** Scraped caption text data **

= = = = = = =

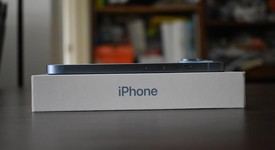 Mint
													Apple iPhone 14 - Unlocked, Blue, 128 GB, A2649, photo 5 of 6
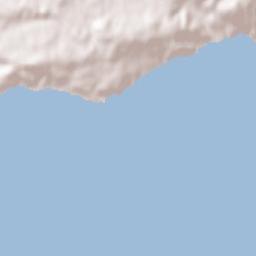 Darıca Terrain Map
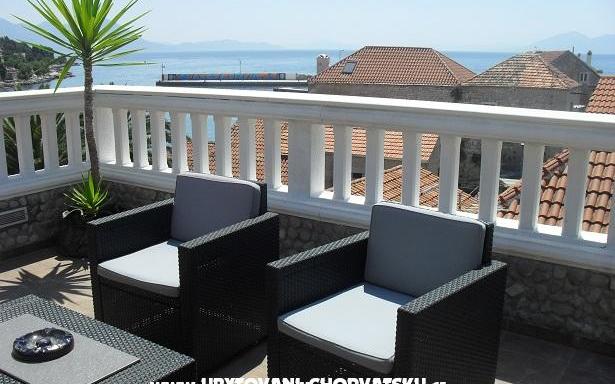 Apartmaji Dinko &amp; Marija - apartmaji otok Hvar Hrvaška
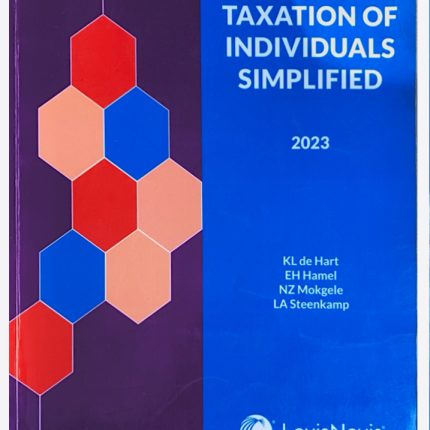 Taxation of individuals simplified 2023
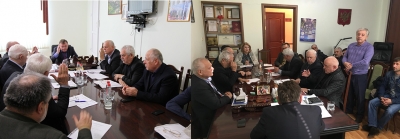 Гильдия строителей СКФО провела очередное заседание Совета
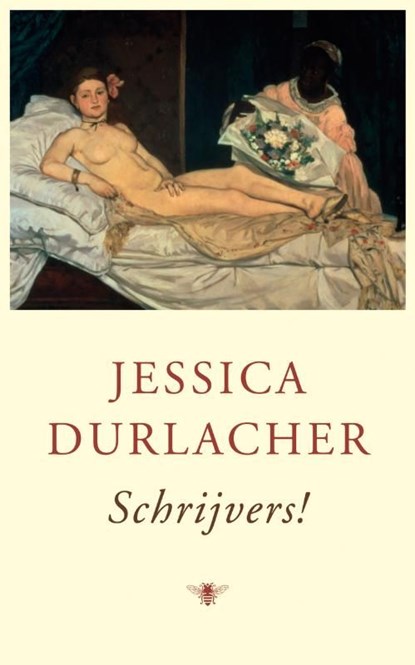 Schrijvers!, Jessica Durlacher - Ebook - 9789023463788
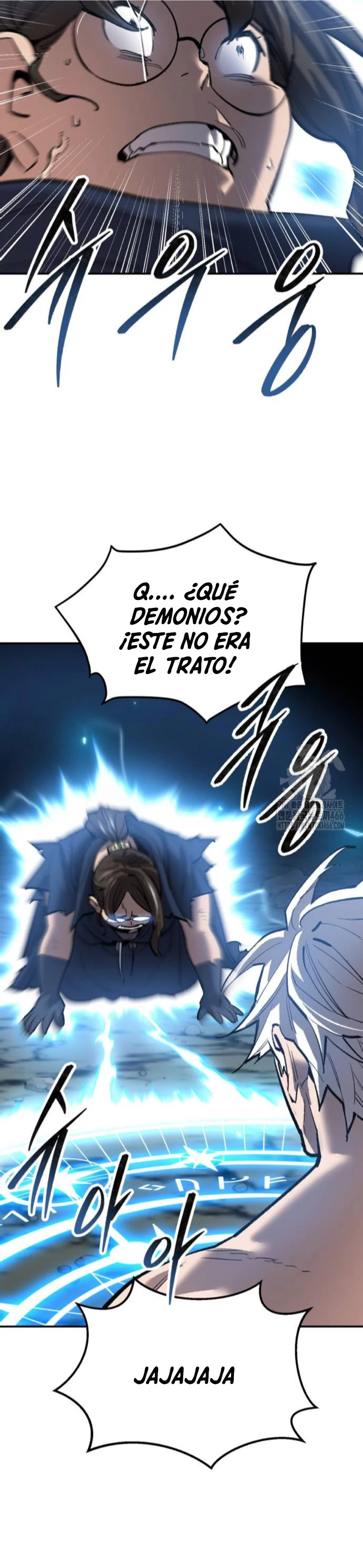 Rompiendo Limites capítulo 177 página 47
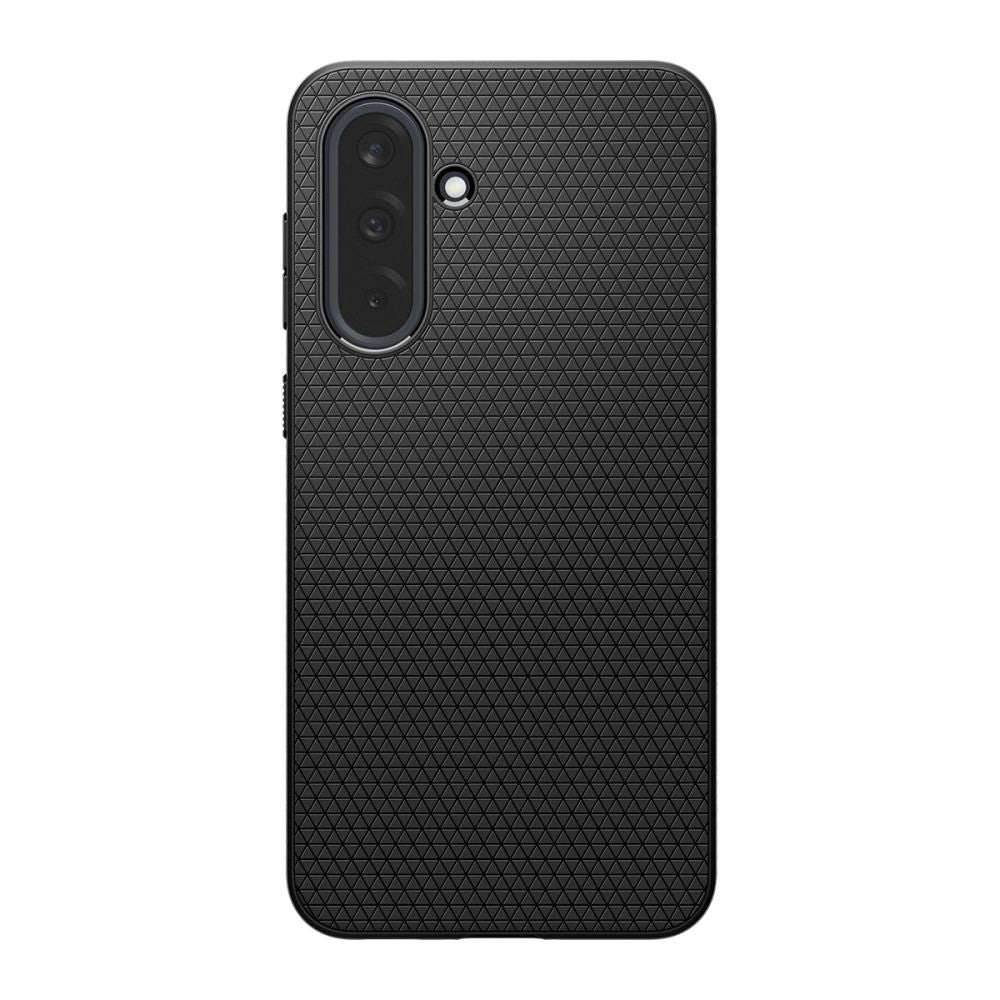 Puzdro pre Samsung Galaxy A36 A366, Spigen, Liquid Air, Matná čierna ACS09199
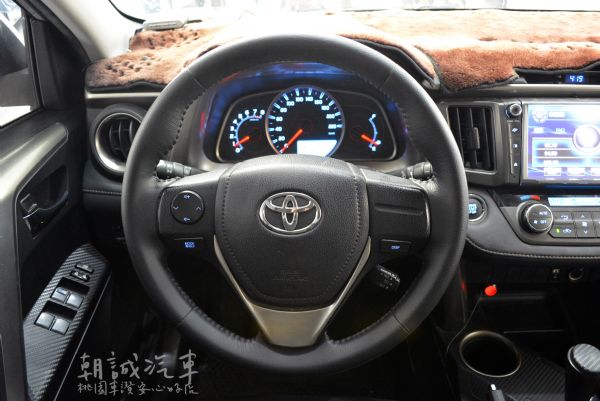 Toyota 2013 RAV4 照片4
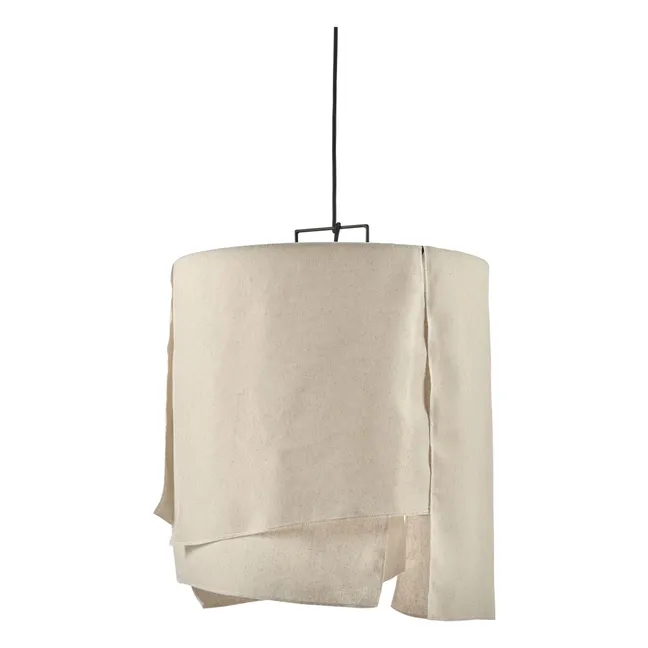 Nomad hanging lamp | Dark Beige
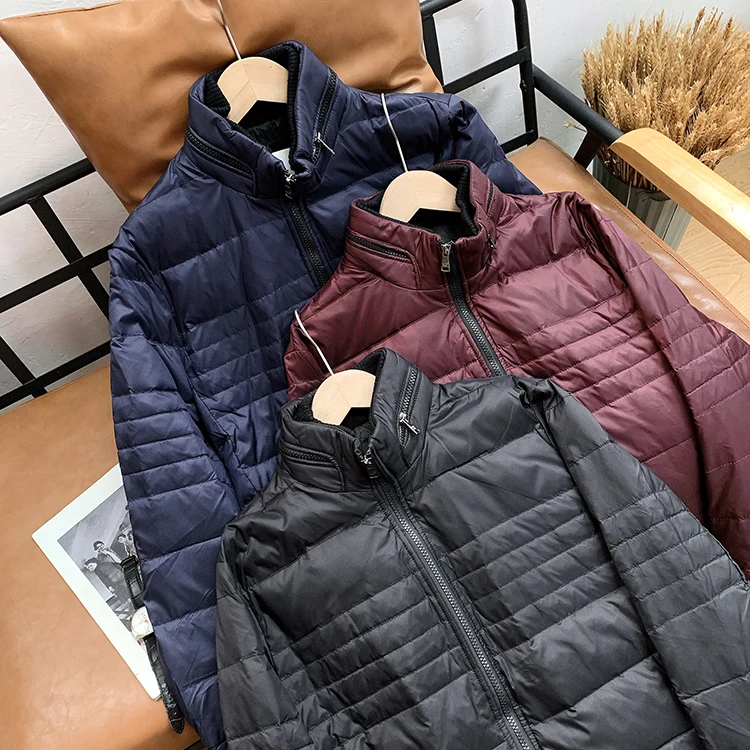 [Люди без праздников] Вытащить из шкафа ~ Цена подвешивания 288 90% утиный пух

= = = = = = =

** PROBLEM DETAILS **
Repeat only the lines from the one holding "Toyota 2013 RAV4 照片4" through the last line of the data, inclusive. Keep the pictures out.

** RESPONSE TO THE TASK **
 Toyota 2013 RAV4 照片4
 Nomad hanging lamp | Dark Beige
 [Люди без праздников] Вытащить из шкафа ~ Цена подвешивания 288 90% утиный пух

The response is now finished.